Republicans need to ask: if Romney is so electable, then why doesn’t anybody want to elect him to anything?

Then there’s Rick Santorum, a man who the enlightened assure us is not electable. The intelligentsia present this assertion as if it were an indisputable fact, with the proof being that in his last race (Senate, 2006) Santorum lost by an 18% margin. Surely, they say, anyone this unpopular could never be elected President. But Santorum has won more electoral victories than Romney has. In a blue state with red tinting, he campaigned as a hardline conservative and won…first as a two-term Representative, then twice more as Senator. The 2006 election that is being held over his head was something of an anomaly: he was campaigning against a blue dog Democrat who shared a name and family heritage with a former, well-liked, governor, Bob Casey. The 2006 election was also the first election suffering from Bush fatigue, and a powerful anti-incumbent sentiment. It was a wave election, carrying the Democrats into power (they gained 30 House seats and 6 Senate seats). Santorum had also deflated the base with his endorsement in 2004 of the wretched and loathsome reptile that is Arlen Specter. To conservatives, this was akin to watching Harry Potter putting a “Vote for Voldemort” sign on his front lawn.

Whether or not a candidate is electable is a difficult thing to ascertain.
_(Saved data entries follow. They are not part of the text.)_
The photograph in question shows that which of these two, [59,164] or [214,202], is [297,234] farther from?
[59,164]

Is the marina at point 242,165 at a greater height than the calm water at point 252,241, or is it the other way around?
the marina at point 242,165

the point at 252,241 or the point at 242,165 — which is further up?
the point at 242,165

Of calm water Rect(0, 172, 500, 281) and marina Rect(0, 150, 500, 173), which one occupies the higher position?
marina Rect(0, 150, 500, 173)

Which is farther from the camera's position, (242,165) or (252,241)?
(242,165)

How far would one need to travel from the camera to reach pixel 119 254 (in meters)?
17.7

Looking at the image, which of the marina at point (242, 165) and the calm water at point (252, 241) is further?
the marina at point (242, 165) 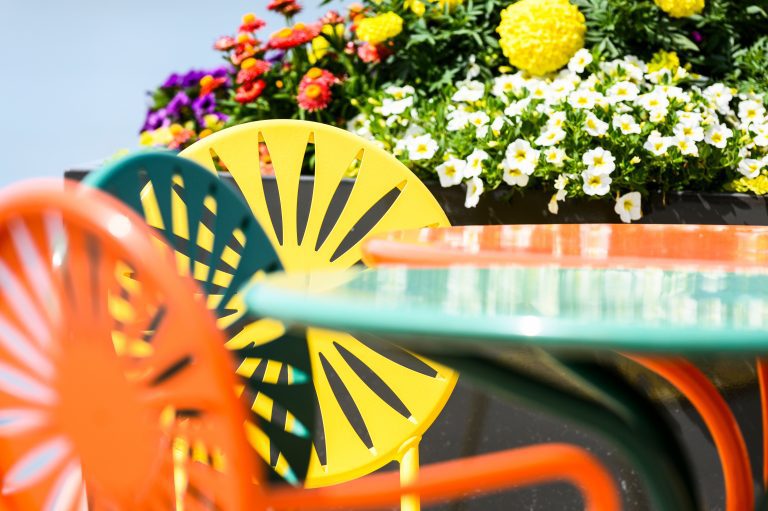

All candidates have their issues, both pro and con. Romney is an uninspiring flip flopper with an unfortunate, and transparent, tendency to tell audiences whatever they want to hear. The fear is that he has no core principles, and it’s a valid fear. Santorum has come across in the debates, especially the early debates, as annoyed and surly, complaining about his air time. America does not want a whiner for President. Santorum is also intent on focusing on the social side of conservatism. At a time when millions of Americans are out of work, when there is instability throughout the Middle East and Europe, when our nation is so deeply in debt that a bankrupt future looks all too possible, Santorum makes sure we know where he stands on abortion, contraception, and gay marriage. These are important issues, but I’m far more concerned about reforming Medicare than I am about contraception. Sometimes Santorum’s deeply felt Catholicism gets the best of him. He needs to talk about jobs, jobs, jobs, debt reduction, jobs, debt reduction, debt reduction, and jobs. Instead he lets a media that hates him trap him into answering questions designed to make him look like a kook (because that’s what the media thinks of devout Catholics).

Note to Rick: When some pinheaded reporter asks you if you want to ban contraception the answer is not a treatise on your faith. The answer is “That’s a ridiculous question you should be ashamed of asking. Of course not. Now can we please talk about the economy?”

I don’t know who’s more electable. That will become clearer as the primaries continue. But it’s clear to me that Romney is less of a sure-fire win than his proponents would like us to believe, and Santorum is a greater threat to Obama than his detractors would argue. Rest assured, though. The Obama campaign is rolling down the streets like Megaweapon, ready to viciously and unfairly tarnish anyone the Republicans nominate. The Republicans need a conservative champion, a Beowulf to slay Grendel (and Grendel’s mom…I’m looking at you, Axelrod!). They need a man with the rock solid principles of Rick Santorum, and the business/economy-related focus of Mitt Romney. A bit of the carnivorous style of Newt Gingrich wouldn’t hurt, either. That combination would be truly unbeatable in November.

Consider that a word of advice to all the candidates.